Para melhorar o trânsitoos agentes agora serão auxiliados por robôs humanóides. Estes são os Walker S2 da Ubtech Robotics, robôs de tamanho adulto capazes de andar, manipular objetos e interagir com o ambiente graças ao seu sensoressuas câmeras e seus IA embarcado. Se não se sabe quantos desses assistentes humanóides será entregue, o contrato que a Ubtech Robotics assinou com as autoridades baseia-se em 37 milhões de euros. A entrega deles já começou.
Os robôs devem realizar tarefas “operacionais”, como regular o fluxo de viajantes, direcionar filas, responder perguntas básicas, dar instruções e patrulhar para garantir que estejam presentes em salas de espera ou corredores de áreas de trânsito. Outras unidades circularão pelas áreas de carga, verificando contêineres e repassando informações aos centros de comando.

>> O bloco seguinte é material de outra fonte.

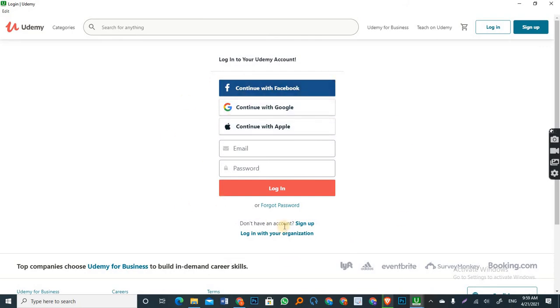and you have also enrolled in some of the courses of which you want to download. So you enter your email and your password as I'm doing right now.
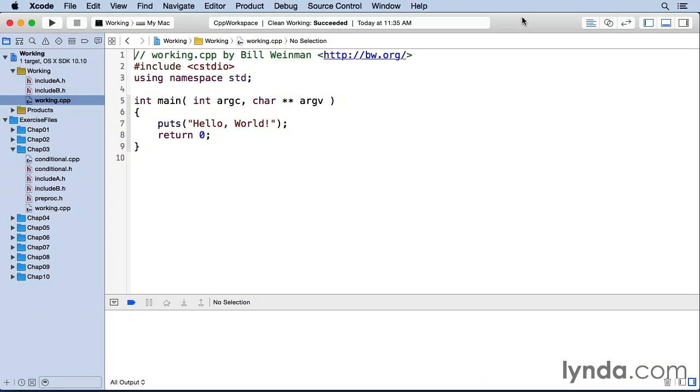When a header file is included by other header files, there's a possibility that it can be included more than once, and this can create errors. Here's a simple example.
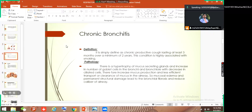Now I talk about chronic bronchitis. Chronic bronchitis is simply defined as a chronic productive cough that will last for three consecutive months, for at least a minimum of two years. This is how we define or diagnose this condition in a patient.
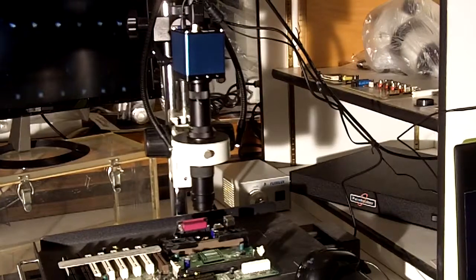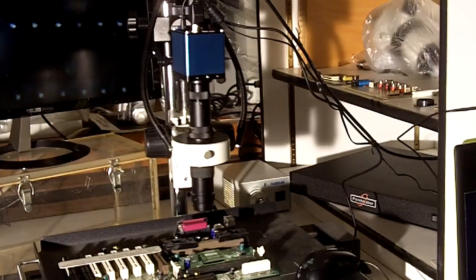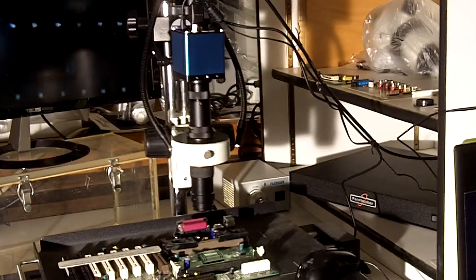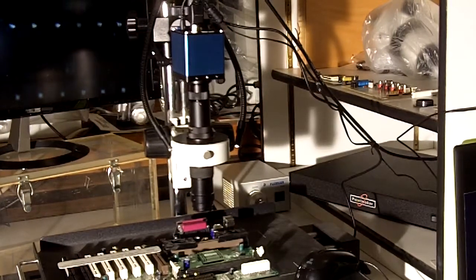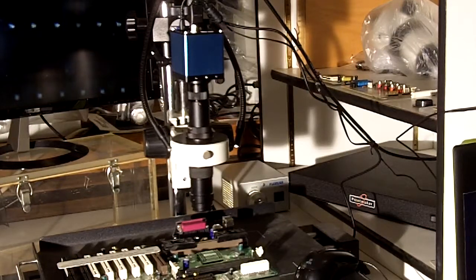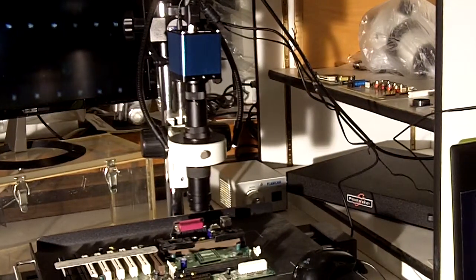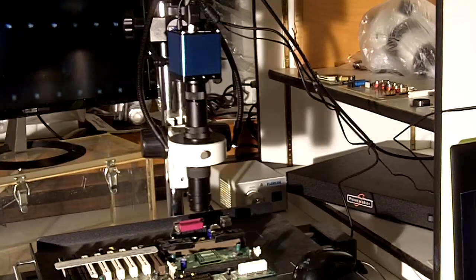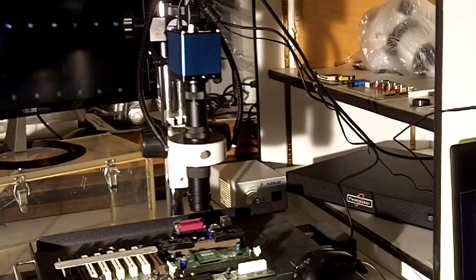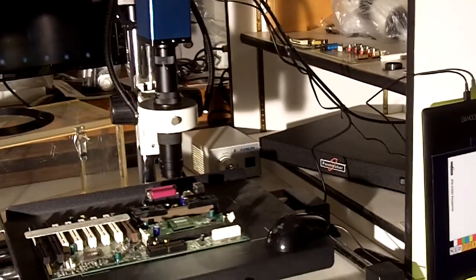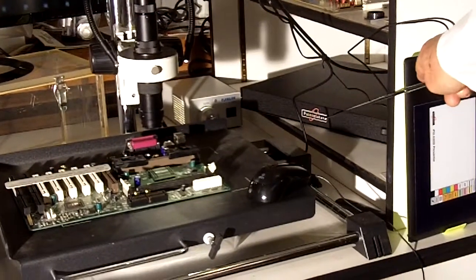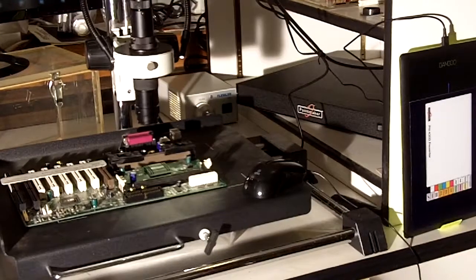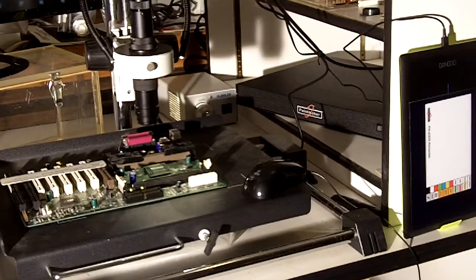Now I think where this gets interesting is using high definition real time as a teaching tool. And in order to do that we use this black box down here that you see on the shelf.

O teste de colisão decisivo
Este é um teste de colisão decisivo para a Ubtech. Com a introdução dos robôs, se o público vir a sua vantagem em termos concretos e os agentes de fronteira puderem gastar menos tempo a gerir filas ou a repetir instruções simples, a aposta está ganha.
As autoridades chinesas estimarão que, se estas máquinas tiverem sucesso num ambiente tão exigente como uma passagem de fronteira, poderão então ser utilizadas no futuro em aeroportos, estações ferroviárias ou mesmo zonas portuárias. Mas, na prática, os usuários também podem se sentir desconfortáveis ao serem gerenciados e observados por máquinas. E para os guardas de fronteira, permanecem questões em torno da formação, autoridade e responsabilidade quando um robô comete um erro.
O fracasso destas sentinelas mecânicas seria formidável para a Ubtech. Na verdade, desaceleraria a adoção de robôs humanóides em espaços públicos sensíveis. A China pode pagar por isso quando destaca e depende fortemente desses robôs?